In the following decades, compositing technology entered a rapid development phase, during which techniques such as “black screen technology,” “Dunning blue screen technology,” and “yellow screen technology” emerged based on traditional film production processes[1] . Starting in the 1990s, digital technology rapidly rose, with digital movie cameras gradually replacing film cameras as the mainstream equipment for filmmaking. At the same time, computer-generated imagery became increasingly widely used in film content creation. The filters on digital movie camera sensors are typically arranged in a “Bayer pattern,” which means that the green light-sensitive area is twice as large as that for blue or red light. This arrangement has made green screen keying technology the general solution for color keying techniques today.

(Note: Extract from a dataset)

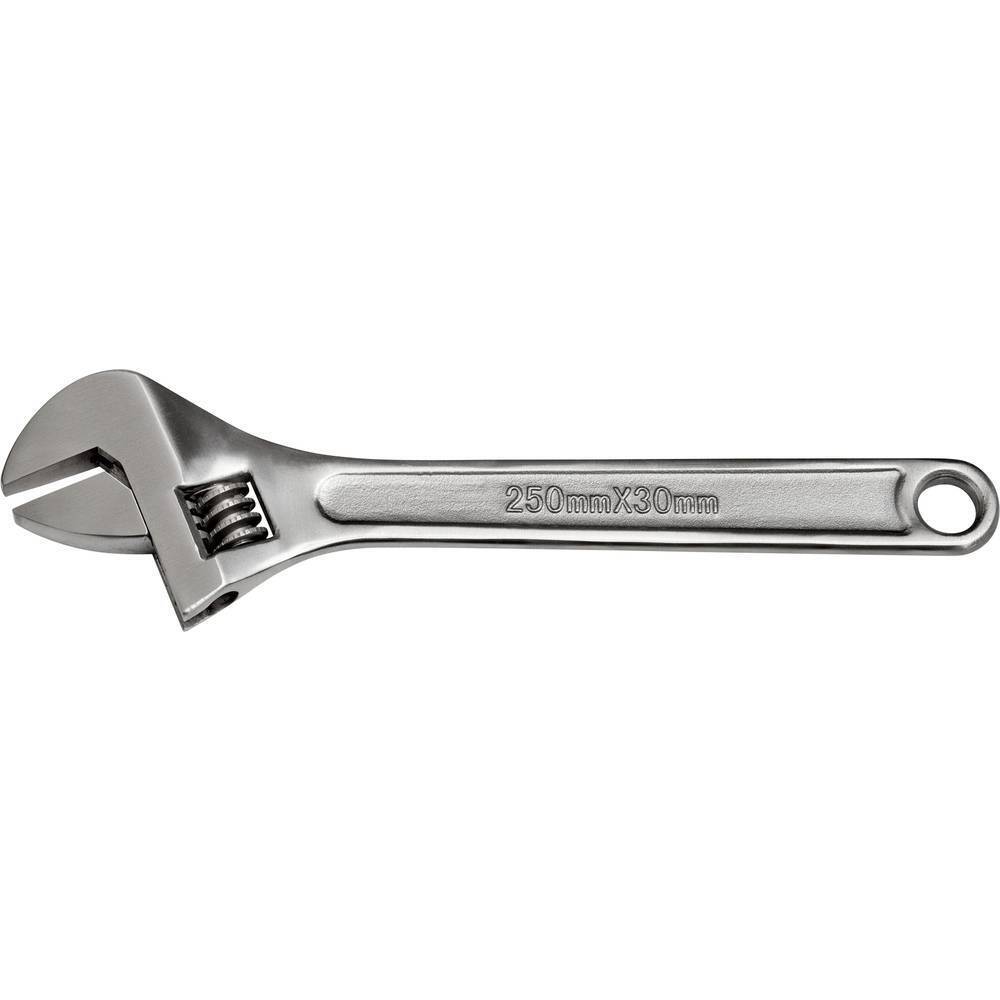 Bahco SS001-250 Chiave inglese regolabile 1 pezzo 30 mm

Figure 1 Green Screen Compositing Technology
As shown in Figure 1, placing the shooting foreground against a blue/green screen background, the blue-green background is removed through color keying, resulting in the foreground image. By deploying tracking points on the blue/green screen background, the camera’s motion trajectory can be reconstructed in post-production, achieving a consistent perspective relationship between virtual assets and live-action footage. This technology greatly enhances the creative freedom of shot content, opening up a new realm for film art creation.[2]
2 Disadvantages of Green Screen Compositing Technology and Solutions
In a typical real-time interactive rehearsal process, a large green screen is often set up as the background for color keying, which inevitably leads to some issues[3]: First, there is the problem of dynamic light effect coordination between the real and virtual scenes. The creative team needs to design the dynamic light effects for the final shot before shooting, and based on that, perform dynamic lighting on the actors on-site. Furthermore, to match the on-site lighting information with the lighting information in the post-production 3D scene, a reflective chrome ball needs to be placed in the scene during the shooting of special effect shots to record the on-site lighting information. Secondly, when lighting under a large blue/green screen background, it is easy to produce color spill around the edges of the subject or to reflect the blue/green screen color onto the highlights of the actors or foreground objects, which creates significant challenges for post-production keying. The general solution is to evenly illuminate the green background; otherwise, shadow areas will be difficult to key out, especially behind fine hair or transparent items. The subject needs to be distanced from the green screen to avoid reflective light spilling onto them. Additionally, the foreground subject must be lit with separate light sources to control the exposure and direction of the required lighting in the scene[1]. Lastly, common green screens are often made of a cotton-polyester blended fabric; due to their relatively soft texture, the surface is prone to wrinkles or ripples. Although some special keying sprays can serve as alternatives to green screens, their actual performance is often unsatisfactory.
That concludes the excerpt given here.